Protein-coding gene in the species Homo sapiens

Importin subunit alpha-1 is a protein that in humans is encoded by the KPNA2 gene.

The import of proteins into the nucleus is a process that involves at least 2 steps. The first is an energy-independent docking of the protein to the nuclear envelope and the second is an energy-dependent translocation through the nuclear pore complex. Imported proteins require a nuclear localization sequence (NLS) which generally consists of a short region of basic amino acids or 2 such regions spaced about 10 amino acids apart.

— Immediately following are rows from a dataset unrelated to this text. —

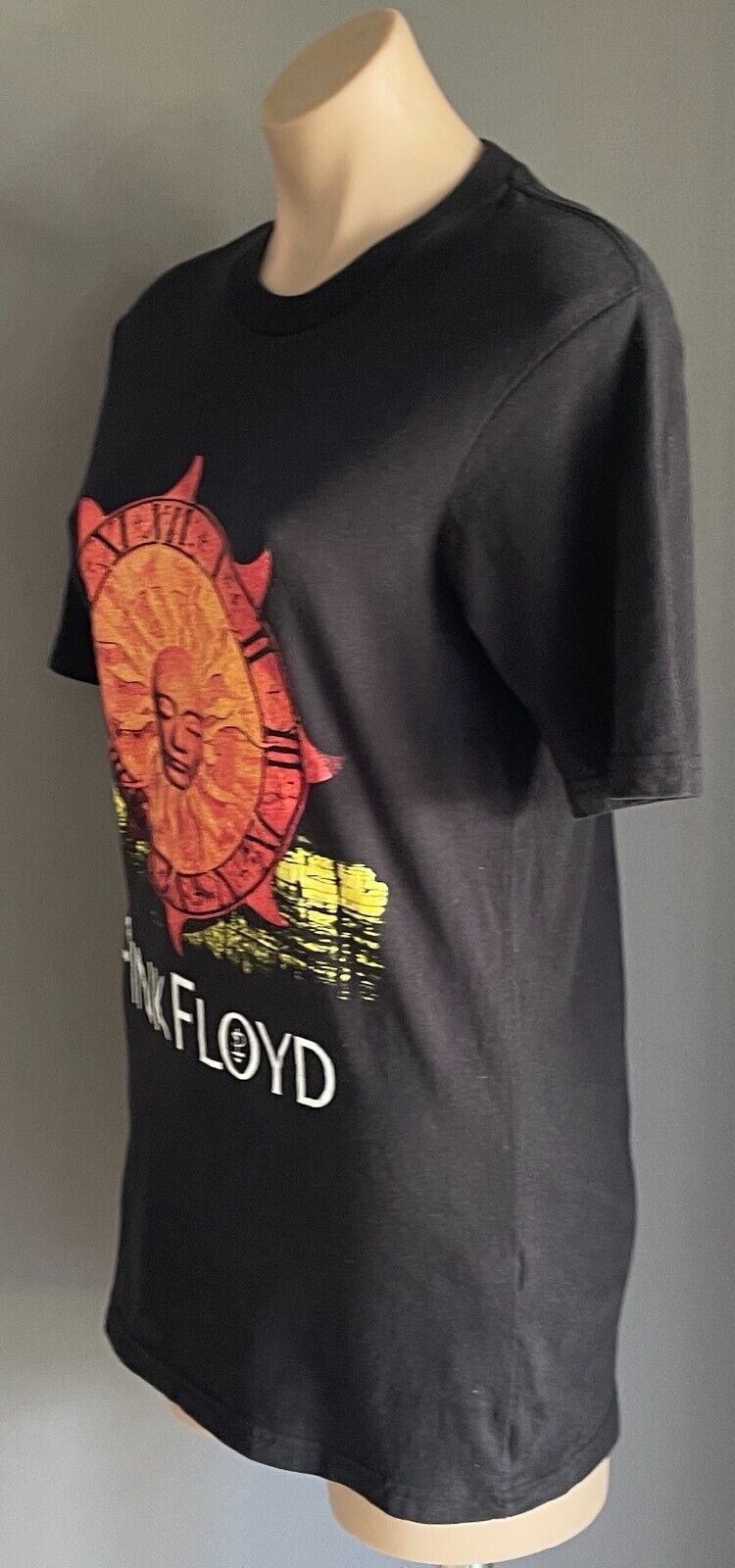 COTTON ON Pink Floyd Black Cotton T-Shirt Sun Dial Multicolour Print Size S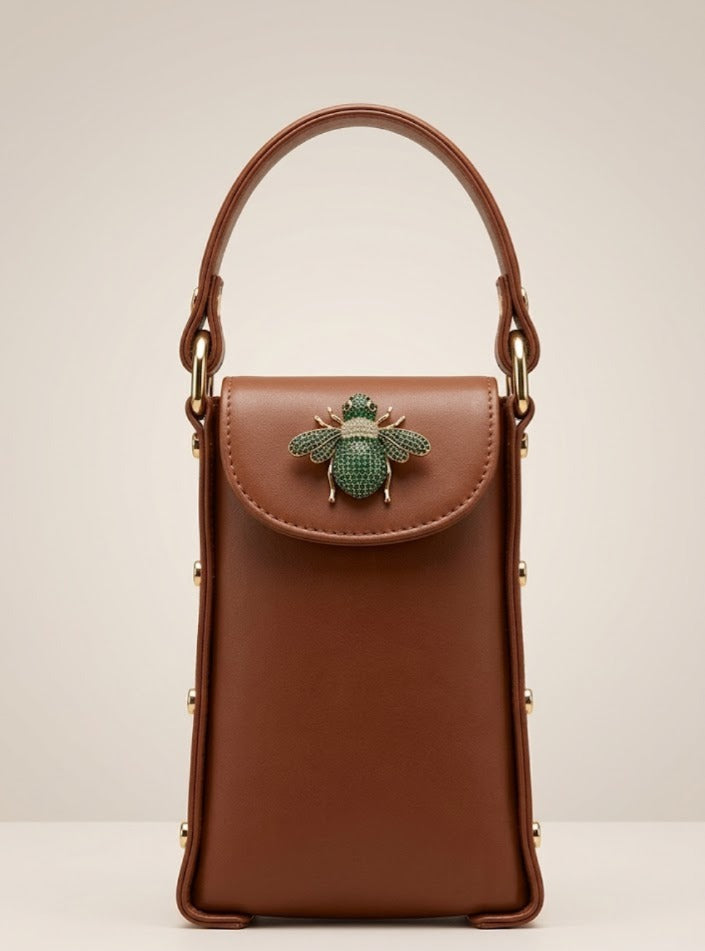 Bee Bling Bag (Tan )(Dark Pink)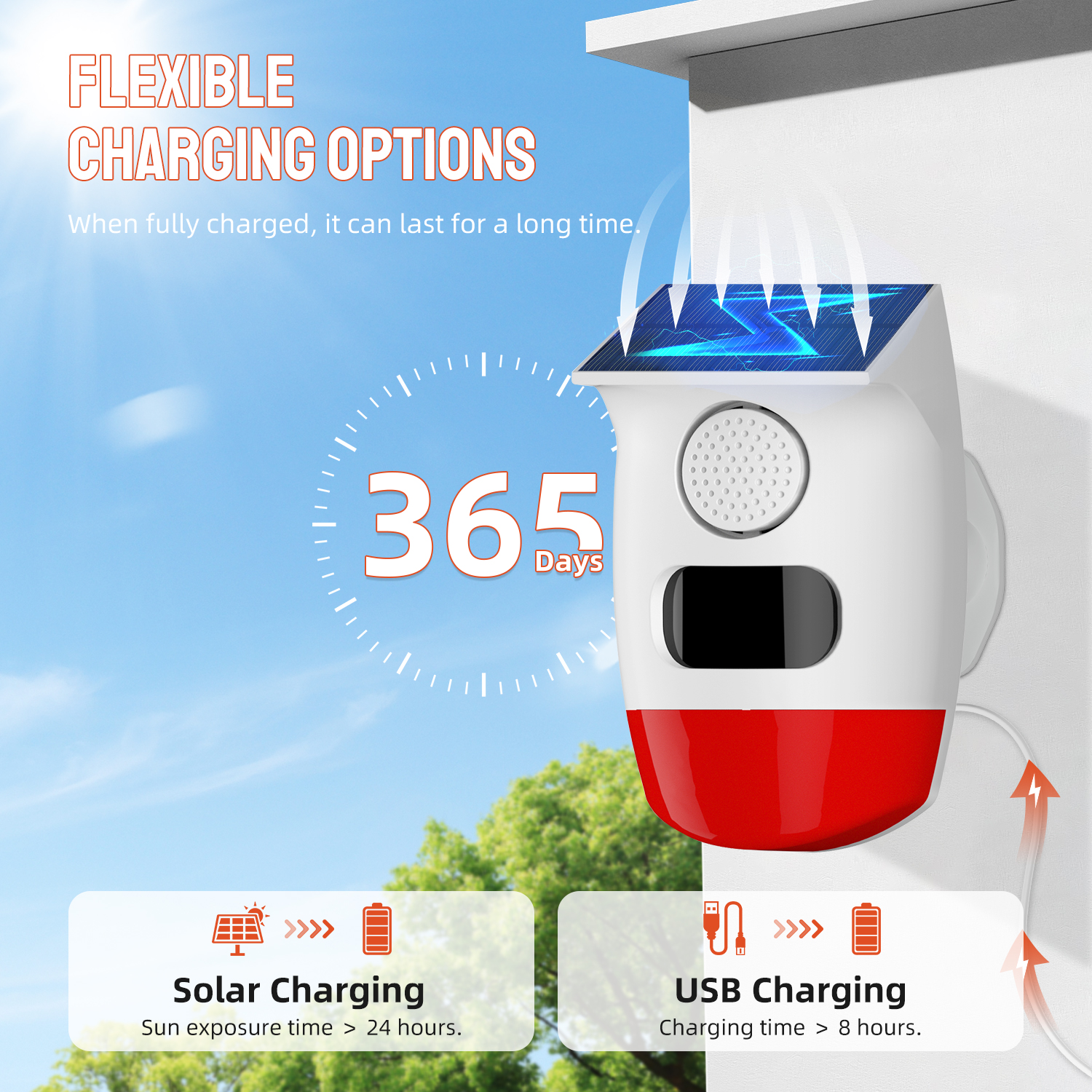Outdoor Solar Alarm PIR Infrar - Smart Garden Light Camera 评论和价格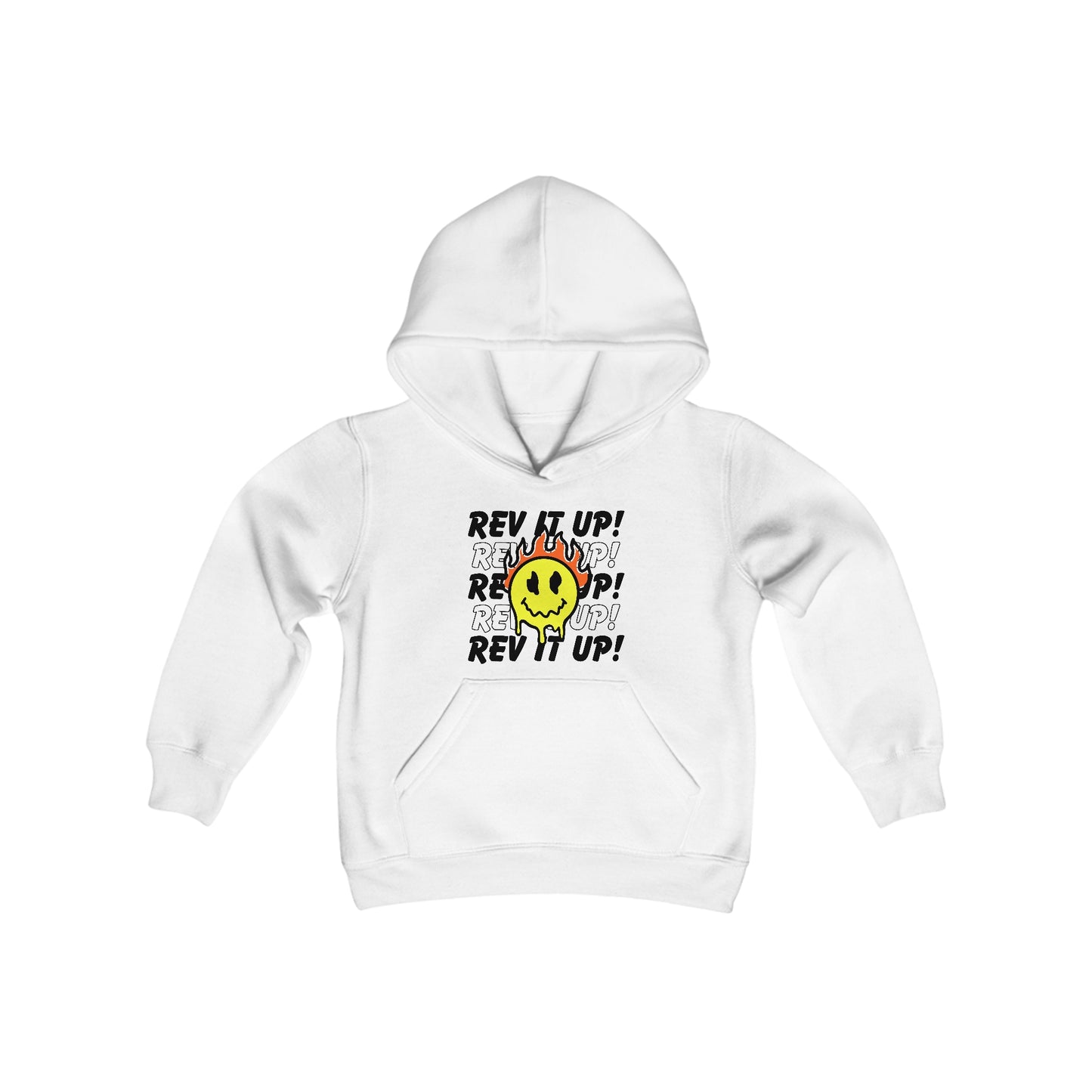Rev It Up Flame Smiley - Youth Hooded Sweatshirt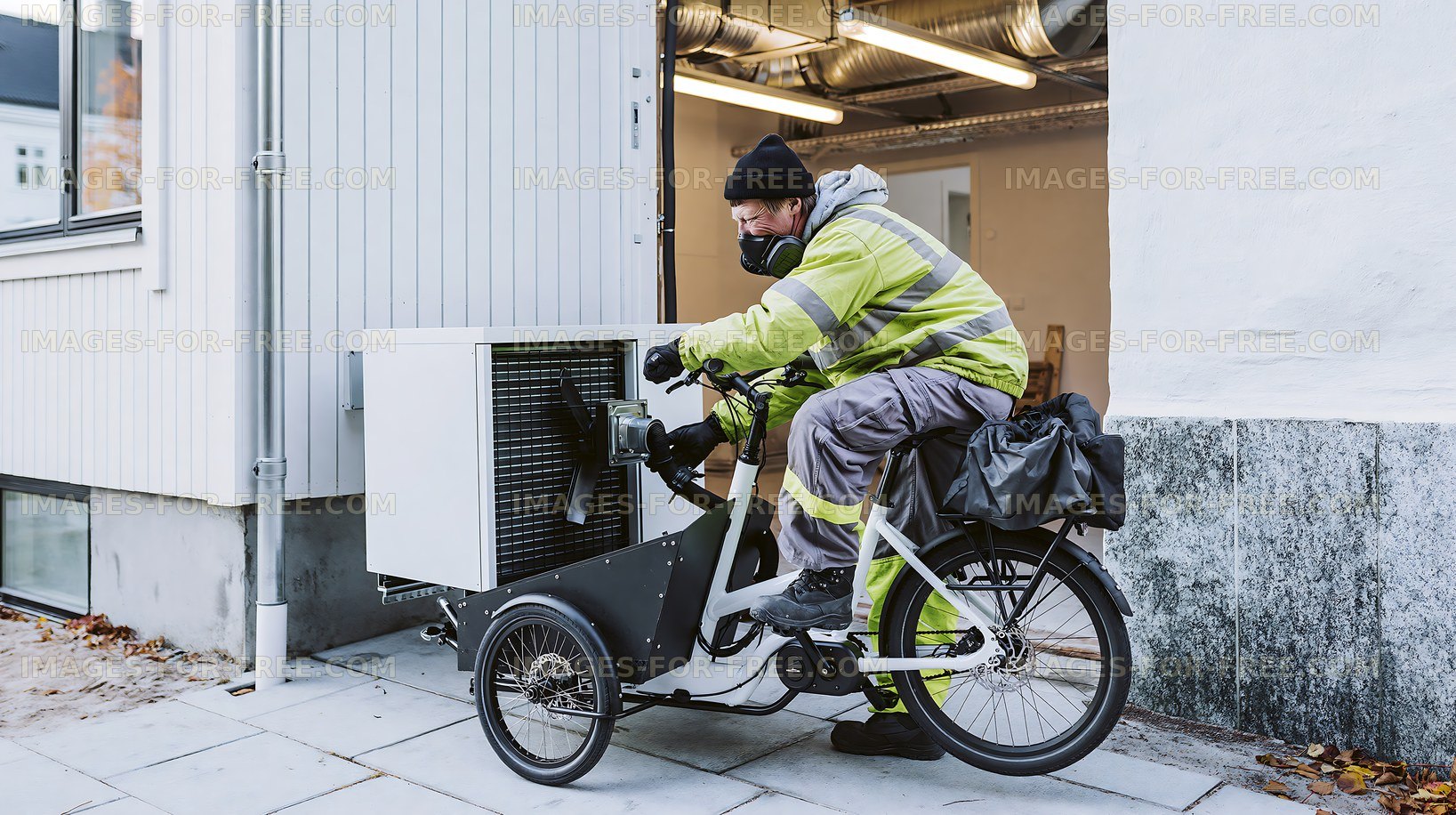 Delivery person on cargo bike handling equipment near building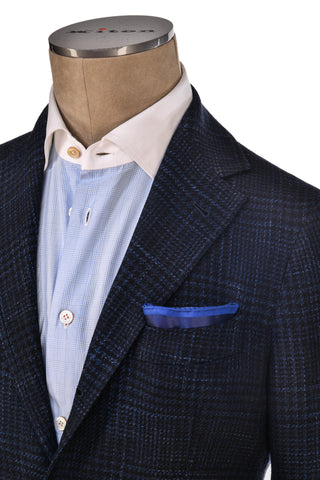 Sartorio Midnight-Blue Patterned Wool-Silk Sport Jacket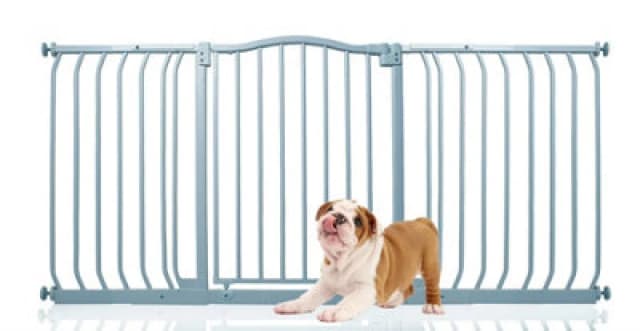 Bettacare Curved Top Dog Gate, 152Cm - 161Cm, Matt Grey, Pressure Fit Pet Gate For Dog And Puppy, Pet And Dog Barrier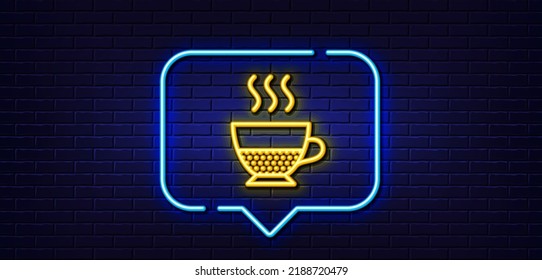 Neon light speech bubble. Doppio coffee icon. Hot drink sign. Beverage symbol. Neon light background. Doppio glow line. Brick wall banner. Vector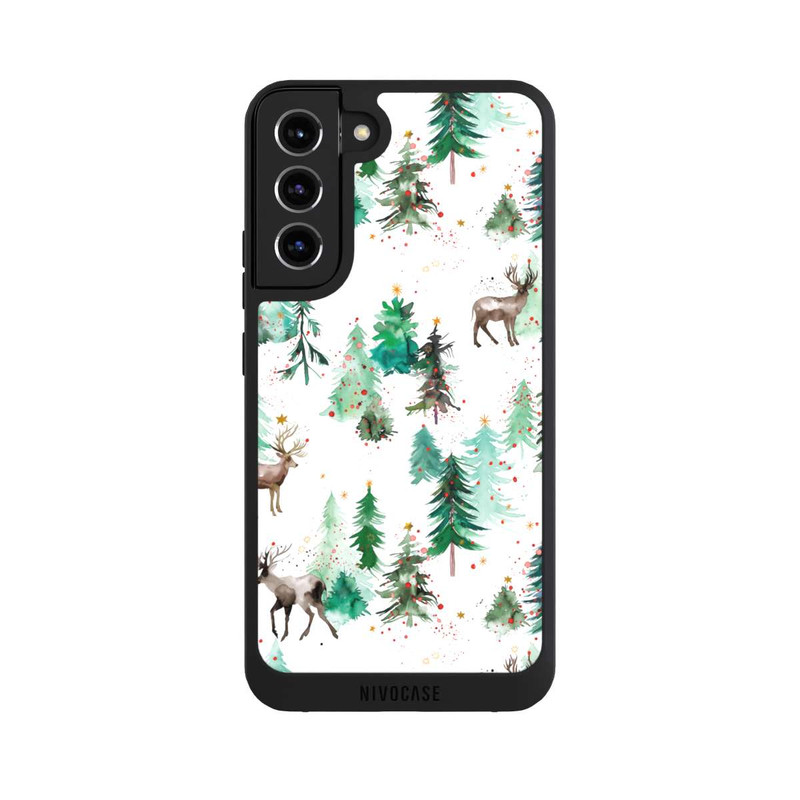 Galaxy S22 + NIVOpure Hirsche und Winterweihnachtsbäume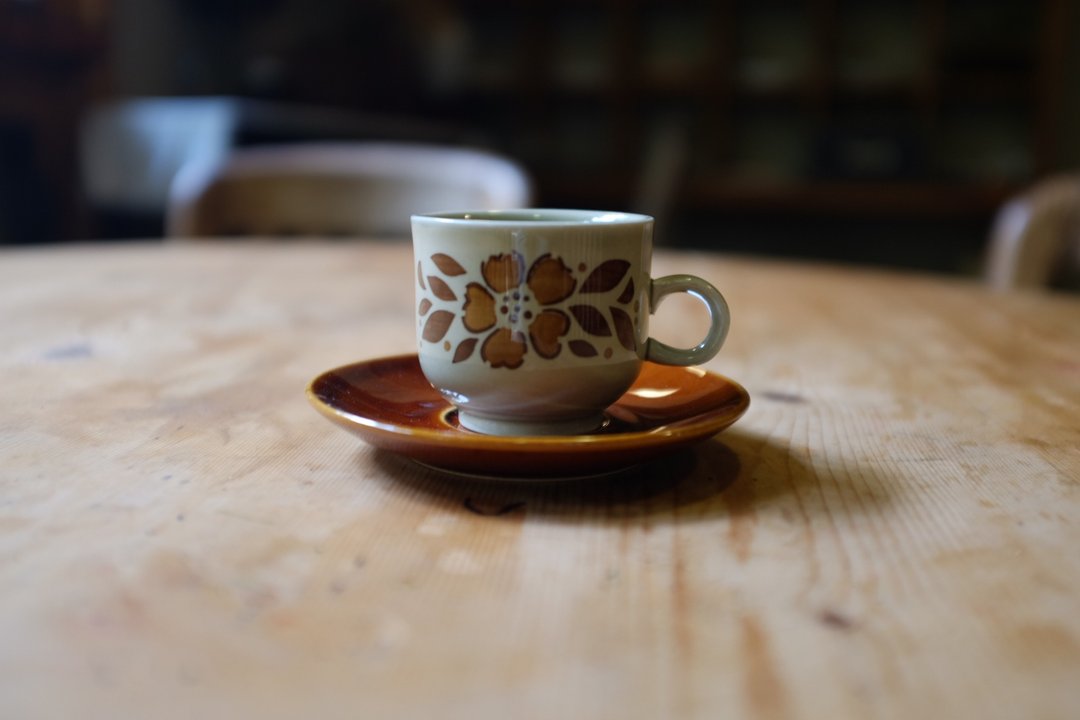 70S 中古东德时期古董 浓缩杯碟 - 其他杯子 - 瓷 咖啡色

Proteins involved in the first step of nuclear import are members of the alpha importin family of karyopherins such as importin subunit alpha-1. These include the Xenopus protein importin and its yeast homolog, SRP1 (a suppressor of certain temperature-sensitive mutations of RNA polymerase I in Saccharomyces cerevisiae), which bind to the NLS. KPNA2 protein interacts with the NLSs of DNA helicase Q1 and SV40 T antigen and may be involved in the nuclear transport of proteins. KPNA2 also may play a role in V(D)J recombination

== Interactions ==

Karyopherin alpha 2 has been shown to interact with:

- ARL4A
- ITK,
- KPNB1,
- PLAG1,
- RECQL, and
- SGK.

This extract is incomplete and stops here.